Configuration Loading Spans

The server traces configuration loading at startup:

config.load_env
├── config.file.path: "/path/to/.env"
├── config.file.exists: true
├── config.vars.loaded: 5
├── operation.type: "config_load"
└── config.load.success: true

This span captures:

  • Whether the .env file exists
  • Number of environment variables loaded
  • Any errors during configuration loading
  • Overall success/failure status

Tool Execution Spans

tool.list_styles_tool
├── tool.name: "list_styles_tool"
├── tool.input.size: 256
├── tool.output.size: 4096
├── tool.success: true
├── session.id: "session-123"
├── user.id: "user-456"
├── account.id: "account-789"
├── chat.session.id: "chat-123"
└── prompt.id: "prompt-456"

HTTP Request Spans

http.get
├── http.method: "GET"
├── http.url: "https://api.mapbox.com/..."
├── http.status_code: 200
├── http.status_text: "OK"
├── http.user_agent: "mapbox-mcp-devkit-server/0.4.5"
├── http.request.content_length: 512
├── http.response.content_length: 2048
├── http.response.content_type: "application/json"
├── http.response.header.x_amz_cf_id: "HsL_E2ZgW72g4tg_ppvpljSFWa2yYcWziQjZ4d7_1czoC7-53UkAdg=="
├── http.response.header.x_amz_cf_pop: "IAD55-P3"
├── http.response.header.x_cache: "Miss from cloudfront"
└── http.response.header.etag: "W/\"21fe5-88gHkqbxd+dMWiCvnvxi2sikhUs\""

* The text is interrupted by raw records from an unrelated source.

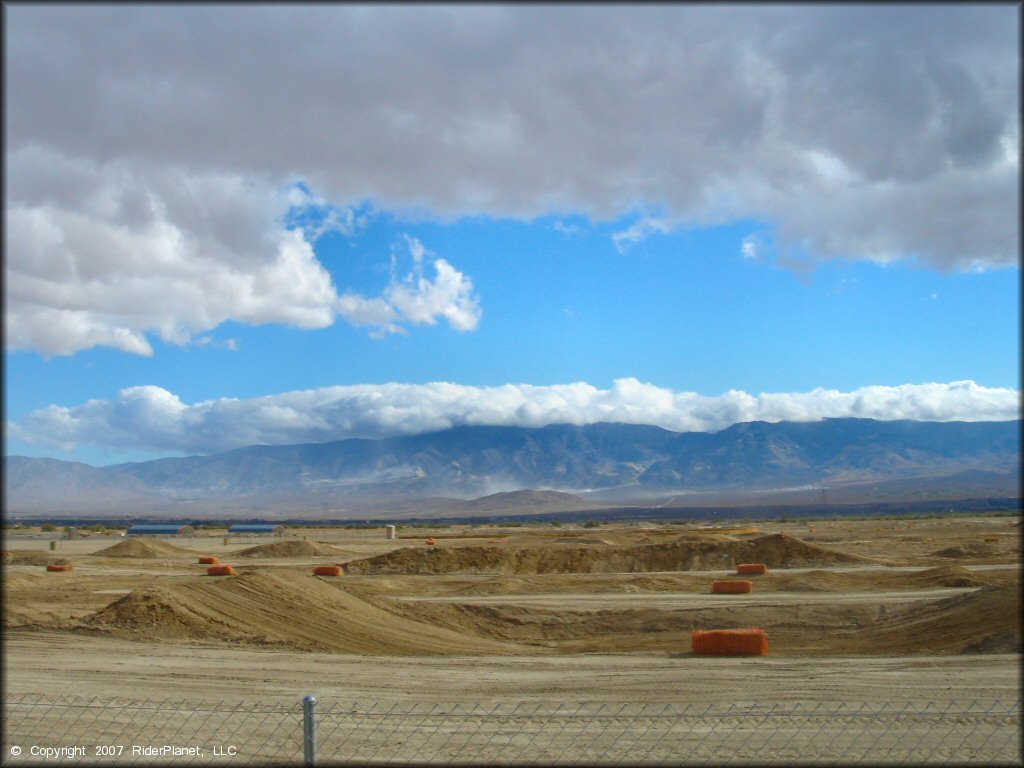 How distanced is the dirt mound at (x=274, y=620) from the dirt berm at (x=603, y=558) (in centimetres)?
2391

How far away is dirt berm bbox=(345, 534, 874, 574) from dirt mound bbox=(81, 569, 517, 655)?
23915 millimetres

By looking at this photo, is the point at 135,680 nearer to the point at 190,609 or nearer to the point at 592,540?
the point at 190,609

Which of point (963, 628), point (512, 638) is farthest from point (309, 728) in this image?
point (512, 638)

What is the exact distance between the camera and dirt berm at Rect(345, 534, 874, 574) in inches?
2093

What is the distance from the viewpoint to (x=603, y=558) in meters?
54.8

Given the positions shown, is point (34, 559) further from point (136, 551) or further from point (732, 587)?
point (732, 587)

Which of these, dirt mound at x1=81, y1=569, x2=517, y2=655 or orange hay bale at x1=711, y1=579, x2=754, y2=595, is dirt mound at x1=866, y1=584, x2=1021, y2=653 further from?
dirt mound at x1=81, y1=569, x2=517, y2=655

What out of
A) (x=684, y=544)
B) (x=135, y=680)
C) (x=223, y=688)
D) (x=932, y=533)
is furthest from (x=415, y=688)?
(x=932, y=533)

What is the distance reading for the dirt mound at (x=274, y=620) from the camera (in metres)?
24.2

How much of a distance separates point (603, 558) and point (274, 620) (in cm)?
3180

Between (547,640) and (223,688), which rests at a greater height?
(223,688)

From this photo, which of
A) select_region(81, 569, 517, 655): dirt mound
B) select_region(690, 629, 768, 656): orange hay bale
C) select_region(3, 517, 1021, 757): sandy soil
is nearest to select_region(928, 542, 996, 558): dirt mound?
select_region(3, 517, 1021, 757): sandy soil

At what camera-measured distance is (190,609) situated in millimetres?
25469

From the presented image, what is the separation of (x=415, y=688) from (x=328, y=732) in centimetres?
454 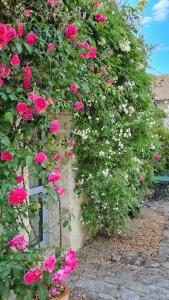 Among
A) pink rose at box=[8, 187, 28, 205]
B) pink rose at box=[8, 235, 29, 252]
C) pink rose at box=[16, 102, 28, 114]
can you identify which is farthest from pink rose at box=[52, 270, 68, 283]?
pink rose at box=[16, 102, 28, 114]

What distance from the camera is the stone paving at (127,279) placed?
373cm

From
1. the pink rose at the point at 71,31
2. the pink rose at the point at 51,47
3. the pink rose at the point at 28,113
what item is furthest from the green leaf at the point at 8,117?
the pink rose at the point at 71,31

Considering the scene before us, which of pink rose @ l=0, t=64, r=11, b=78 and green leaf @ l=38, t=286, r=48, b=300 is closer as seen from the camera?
green leaf @ l=38, t=286, r=48, b=300

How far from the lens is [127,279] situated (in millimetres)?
4137

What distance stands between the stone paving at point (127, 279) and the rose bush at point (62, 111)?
0.69 meters

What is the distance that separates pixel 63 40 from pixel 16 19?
574mm

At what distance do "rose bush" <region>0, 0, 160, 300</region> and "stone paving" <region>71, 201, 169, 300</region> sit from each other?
2.27 feet

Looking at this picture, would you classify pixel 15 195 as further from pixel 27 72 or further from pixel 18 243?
pixel 27 72

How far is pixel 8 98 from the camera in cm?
277

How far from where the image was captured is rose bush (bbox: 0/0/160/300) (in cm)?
259

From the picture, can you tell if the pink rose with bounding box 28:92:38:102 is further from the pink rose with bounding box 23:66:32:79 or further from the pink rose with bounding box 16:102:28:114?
the pink rose with bounding box 23:66:32:79

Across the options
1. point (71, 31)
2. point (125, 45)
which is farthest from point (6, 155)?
point (125, 45)

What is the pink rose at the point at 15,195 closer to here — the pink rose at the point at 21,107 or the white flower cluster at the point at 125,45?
the pink rose at the point at 21,107

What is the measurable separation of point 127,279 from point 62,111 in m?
2.08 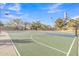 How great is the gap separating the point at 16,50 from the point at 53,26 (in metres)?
0.47

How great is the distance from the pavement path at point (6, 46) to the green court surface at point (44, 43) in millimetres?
48

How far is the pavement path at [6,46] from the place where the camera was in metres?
2.53

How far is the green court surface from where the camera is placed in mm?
2510

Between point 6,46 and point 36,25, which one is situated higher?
point 36,25

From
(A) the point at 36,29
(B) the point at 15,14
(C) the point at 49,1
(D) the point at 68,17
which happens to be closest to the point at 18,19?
(B) the point at 15,14

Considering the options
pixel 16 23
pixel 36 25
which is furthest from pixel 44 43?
pixel 16 23

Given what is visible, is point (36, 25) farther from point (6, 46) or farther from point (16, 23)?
point (6, 46)

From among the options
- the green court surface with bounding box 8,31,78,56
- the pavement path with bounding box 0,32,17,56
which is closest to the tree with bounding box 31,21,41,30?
the green court surface with bounding box 8,31,78,56

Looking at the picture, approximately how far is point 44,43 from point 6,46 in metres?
0.41

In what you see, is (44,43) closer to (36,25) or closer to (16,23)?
(36,25)

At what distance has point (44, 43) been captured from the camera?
2553 millimetres

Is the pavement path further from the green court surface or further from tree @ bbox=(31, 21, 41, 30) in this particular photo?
tree @ bbox=(31, 21, 41, 30)

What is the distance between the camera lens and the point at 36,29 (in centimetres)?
254

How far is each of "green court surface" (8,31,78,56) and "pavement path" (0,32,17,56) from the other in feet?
0.16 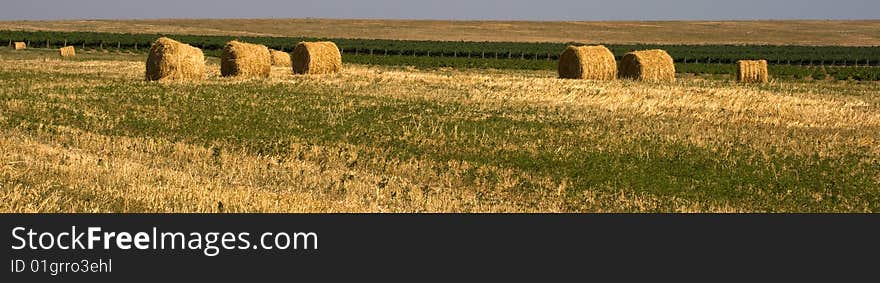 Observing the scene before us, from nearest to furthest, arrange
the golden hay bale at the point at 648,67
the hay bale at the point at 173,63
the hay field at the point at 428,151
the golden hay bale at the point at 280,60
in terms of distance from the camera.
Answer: the hay field at the point at 428,151, the hay bale at the point at 173,63, the golden hay bale at the point at 648,67, the golden hay bale at the point at 280,60

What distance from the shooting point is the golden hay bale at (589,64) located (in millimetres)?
35062

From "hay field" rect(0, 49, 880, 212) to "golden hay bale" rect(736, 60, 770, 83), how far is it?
36.7 ft

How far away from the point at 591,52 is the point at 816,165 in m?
20.7

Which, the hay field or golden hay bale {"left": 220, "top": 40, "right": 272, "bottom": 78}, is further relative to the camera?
golden hay bale {"left": 220, "top": 40, "right": 272, "bottom": 78}

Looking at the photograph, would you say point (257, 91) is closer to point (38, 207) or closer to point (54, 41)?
point (38, 207)

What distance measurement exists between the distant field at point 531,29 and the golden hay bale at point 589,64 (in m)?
79.4

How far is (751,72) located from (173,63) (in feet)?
65.5

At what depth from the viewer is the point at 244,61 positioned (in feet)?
107

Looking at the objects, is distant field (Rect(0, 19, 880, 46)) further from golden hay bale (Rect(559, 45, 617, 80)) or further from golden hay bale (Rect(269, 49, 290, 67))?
golden hay bale (Rect(559, 45, 617, 80))

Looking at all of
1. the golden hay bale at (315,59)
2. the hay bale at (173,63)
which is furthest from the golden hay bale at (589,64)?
the hay bale at (173,63)

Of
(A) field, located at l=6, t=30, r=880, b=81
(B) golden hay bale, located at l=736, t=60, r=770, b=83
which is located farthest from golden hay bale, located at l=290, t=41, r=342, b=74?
(A) field, located at l=6, t=30, r=880, b=81

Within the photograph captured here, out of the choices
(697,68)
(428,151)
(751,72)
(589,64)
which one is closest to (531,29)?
(697,68)

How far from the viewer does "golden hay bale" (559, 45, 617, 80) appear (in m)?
35.1

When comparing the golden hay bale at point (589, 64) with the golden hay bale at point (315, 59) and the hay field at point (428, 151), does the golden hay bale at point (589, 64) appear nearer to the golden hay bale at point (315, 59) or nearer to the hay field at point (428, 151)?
the golden hay bale at point (315, 59) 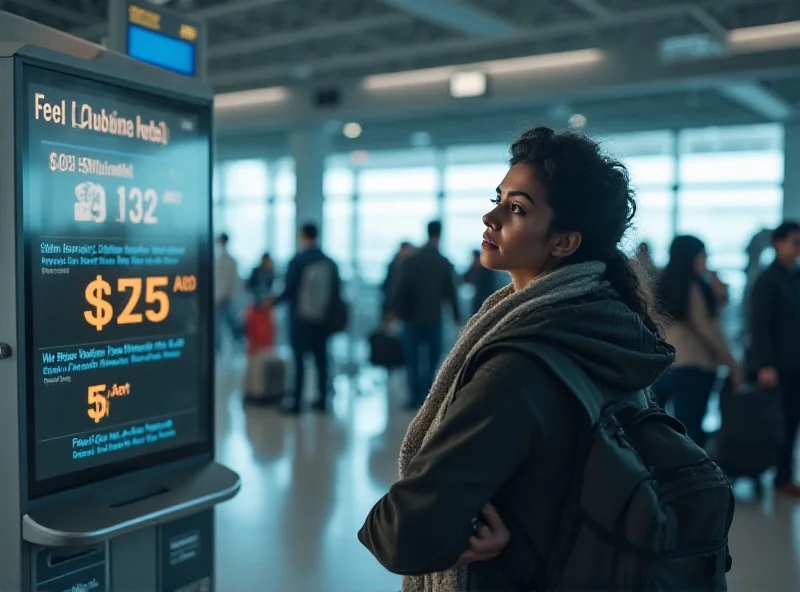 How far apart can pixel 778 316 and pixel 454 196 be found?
11.3 meters

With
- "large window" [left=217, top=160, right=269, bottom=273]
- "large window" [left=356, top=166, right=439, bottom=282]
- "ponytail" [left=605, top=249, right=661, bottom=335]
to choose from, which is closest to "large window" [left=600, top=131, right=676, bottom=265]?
"large window" [left=356, top=166, right=439, bottom=282]

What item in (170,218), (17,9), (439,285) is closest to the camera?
(170,218)

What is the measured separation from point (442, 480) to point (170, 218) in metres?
1.46

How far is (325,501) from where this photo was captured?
4605 mm

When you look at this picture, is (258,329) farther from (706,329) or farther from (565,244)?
(565,244)

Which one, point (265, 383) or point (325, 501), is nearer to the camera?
point (325, 501)

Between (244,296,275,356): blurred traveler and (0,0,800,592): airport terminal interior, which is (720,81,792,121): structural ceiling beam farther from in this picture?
(244,296,275,356): blurred traveler

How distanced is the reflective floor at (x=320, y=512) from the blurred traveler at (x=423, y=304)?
1.79 ft

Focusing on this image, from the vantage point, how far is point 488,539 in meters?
1.26

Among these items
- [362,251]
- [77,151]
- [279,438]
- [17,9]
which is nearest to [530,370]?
[77,151]

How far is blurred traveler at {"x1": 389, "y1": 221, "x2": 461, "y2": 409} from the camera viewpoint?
7.38 metres

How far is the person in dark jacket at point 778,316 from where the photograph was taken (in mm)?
4711

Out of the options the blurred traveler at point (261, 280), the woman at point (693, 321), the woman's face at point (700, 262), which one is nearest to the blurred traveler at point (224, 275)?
the blurred traveler at point (261, 280)

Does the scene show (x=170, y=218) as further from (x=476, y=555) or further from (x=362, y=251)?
(x=362, y=251) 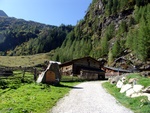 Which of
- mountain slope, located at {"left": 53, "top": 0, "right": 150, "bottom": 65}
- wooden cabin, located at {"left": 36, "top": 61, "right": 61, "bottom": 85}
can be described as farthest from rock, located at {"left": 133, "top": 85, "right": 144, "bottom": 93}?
mountain slope, located at {"left": 53, "top": 0, "right": 150, "bottom": 65}

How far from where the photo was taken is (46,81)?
40.1 metres

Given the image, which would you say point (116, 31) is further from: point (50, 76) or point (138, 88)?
point (138, 88)

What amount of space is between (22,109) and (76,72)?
6780 centimetres

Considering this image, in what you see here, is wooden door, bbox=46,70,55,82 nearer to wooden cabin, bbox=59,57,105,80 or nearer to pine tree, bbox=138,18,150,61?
wooden cabin, bbox=59,57,105,80

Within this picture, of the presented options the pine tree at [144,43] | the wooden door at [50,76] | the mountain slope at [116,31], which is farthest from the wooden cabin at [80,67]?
the wooden door at [50,76]

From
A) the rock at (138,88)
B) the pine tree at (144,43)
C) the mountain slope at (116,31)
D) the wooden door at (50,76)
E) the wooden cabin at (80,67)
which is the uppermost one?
the mountain slope at (116,31)

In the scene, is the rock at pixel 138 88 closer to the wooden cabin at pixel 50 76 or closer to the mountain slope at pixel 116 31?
the wooden cabin at pixel 50 76

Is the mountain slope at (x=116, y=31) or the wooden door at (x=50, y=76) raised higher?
the mountain slope at (x=116, y=31)

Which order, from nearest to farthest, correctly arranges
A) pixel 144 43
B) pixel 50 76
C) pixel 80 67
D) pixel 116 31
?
pixel 50 76
pixel 80 67
pixel 144 43
pixel 116 31

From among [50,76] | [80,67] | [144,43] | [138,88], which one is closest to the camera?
[138,88]

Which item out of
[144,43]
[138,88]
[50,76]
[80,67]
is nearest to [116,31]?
[144,43]

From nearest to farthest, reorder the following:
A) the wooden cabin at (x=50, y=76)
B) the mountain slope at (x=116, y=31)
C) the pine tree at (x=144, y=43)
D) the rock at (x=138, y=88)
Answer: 1. the rock at (x=138, y=88)
2. the wooden cabin at (x=50, y=76)
3. the pine tree at (x=144, y=43)
4. the mountain slope at (x=116, y=31)

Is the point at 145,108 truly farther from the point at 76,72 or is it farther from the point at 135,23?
the point at 135,23

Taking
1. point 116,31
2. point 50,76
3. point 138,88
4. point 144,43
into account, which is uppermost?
point 116,31
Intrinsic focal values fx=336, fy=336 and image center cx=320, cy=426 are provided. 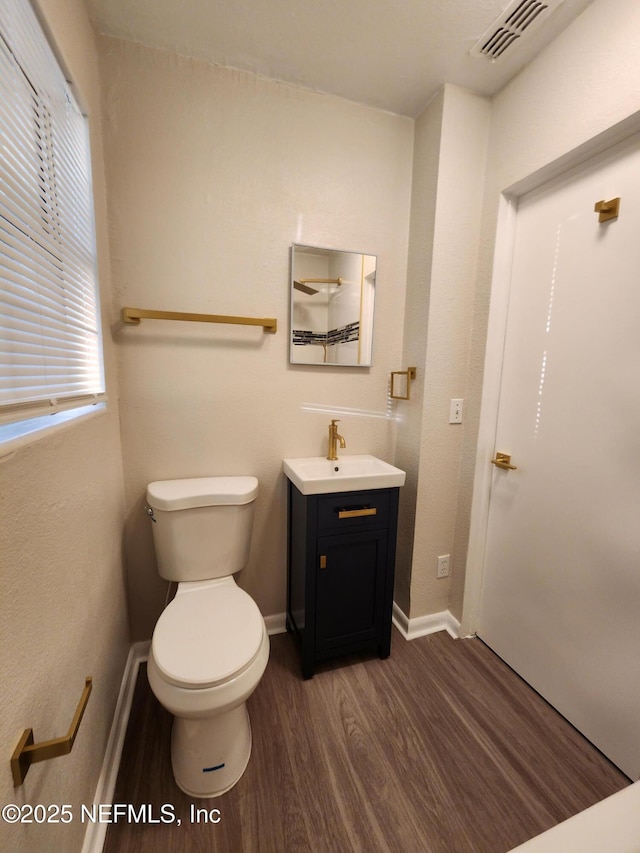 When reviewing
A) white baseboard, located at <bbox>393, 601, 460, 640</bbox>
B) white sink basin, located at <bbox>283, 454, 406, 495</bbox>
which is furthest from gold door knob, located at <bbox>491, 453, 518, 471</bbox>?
white baseboard, located at <bbox>393, 601, 460, 640</bbox>

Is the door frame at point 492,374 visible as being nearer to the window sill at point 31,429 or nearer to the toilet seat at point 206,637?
the toilet seat at point 206,637

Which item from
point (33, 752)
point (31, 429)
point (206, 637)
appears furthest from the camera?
point (206, 637)

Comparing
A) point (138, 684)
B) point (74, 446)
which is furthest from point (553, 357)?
point (138, 684)

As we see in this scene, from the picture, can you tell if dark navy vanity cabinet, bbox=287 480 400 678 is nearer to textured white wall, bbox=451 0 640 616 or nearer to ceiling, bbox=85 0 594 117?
textured white wall, bbox=451 0 640 616

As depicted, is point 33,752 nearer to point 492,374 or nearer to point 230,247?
point 230,247

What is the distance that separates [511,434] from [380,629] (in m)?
1.07

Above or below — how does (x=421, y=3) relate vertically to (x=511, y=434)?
above

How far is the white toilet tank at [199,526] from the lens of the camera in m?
1.33

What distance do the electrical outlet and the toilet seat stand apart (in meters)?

CloudFront Correlation IDs

For Mapbox API requests, the tracing system automatically captures CloudFront correlation headers:

  • x-amz-cf-id: CloudFront request ID for correlation with AWS support
  • x-amz-cf-pop: CloudFront Point of Presence location
  • x-cache: Cache hit/miss status from CloudFront
  • etag: Entity tag for cache validation

These headers enable:

  • Correlation with Mapbox API logs and support tickets
  • Geographic distribution analysis (via PoP location)
  • Cache performance monitoring
  • End-to-end request tracing through CloudFront

DevKit-Specific Tools Traced

All developer tools are automatically traced:

  • Style Management: list_styles_tool, create_style_tool, update_style_tool, retrieve_style_tool, delete_style_tool
  • Style Building: style_builder_tool, preview_style_tool, style_comparison_tool
  • Token Management: list_tokens_tool, create_token_tool
  • Local Processing: geojson_preview_tool, coordinate_conversion_tool, bounding_box_tool
  • Tilesets: tilequery_tool

Each tool execution creates a complete trace showing:

  • Tool invocation timing
  • API requests to Mapbox services
  • Data processing steps
  • Success/failure status
  • Error details if applicable

Troubleshooting

Tracing Not Working

  1. Check initialization: Look for "OpenTelemetry tracing: enabled" in logs
  2. Verify environment: Ensure NODE_ENV !== 'test' and VITEST is not set
  3. Check configuration: Verify OTLP endpoint is accessible
  4. Network connectivity: Test that the OTLP endpoint is reachable

High Memory Usage

  1. Reduce sampling rate: Set OTEL_TRACES_SAMPLER_ARG to a lower value (e.g., 0.1)
  2. Check batch size: Default batch processing should handle most cases
  3. Monitor buffers: Trace buffers are automatically flushed

Performance Impact

  1. Expected overhead: <1% CPU impact under normal load
  2. Memory usage: ~10MB for trace buffers
  3. Network impact: Traces sent in batches to minimize network calls

Advanced Configuration

Custom Sampling

For high-volume production environments, configure sampling:

export OTEL_TRACES_SAMPLER=traceidratio
export OTEL_TRACES_SAMPLER_ARG=0.1  # Sample 10% of traces

Custom Resource Attributes

Add custom resource attributes for better trace organization:

export OTEL_RESOURCE_ATTRIBUTES="service.name=mapbox-mcp-devkit-server,service.version=0.4.5,environment=production,datacenter=us-east-1"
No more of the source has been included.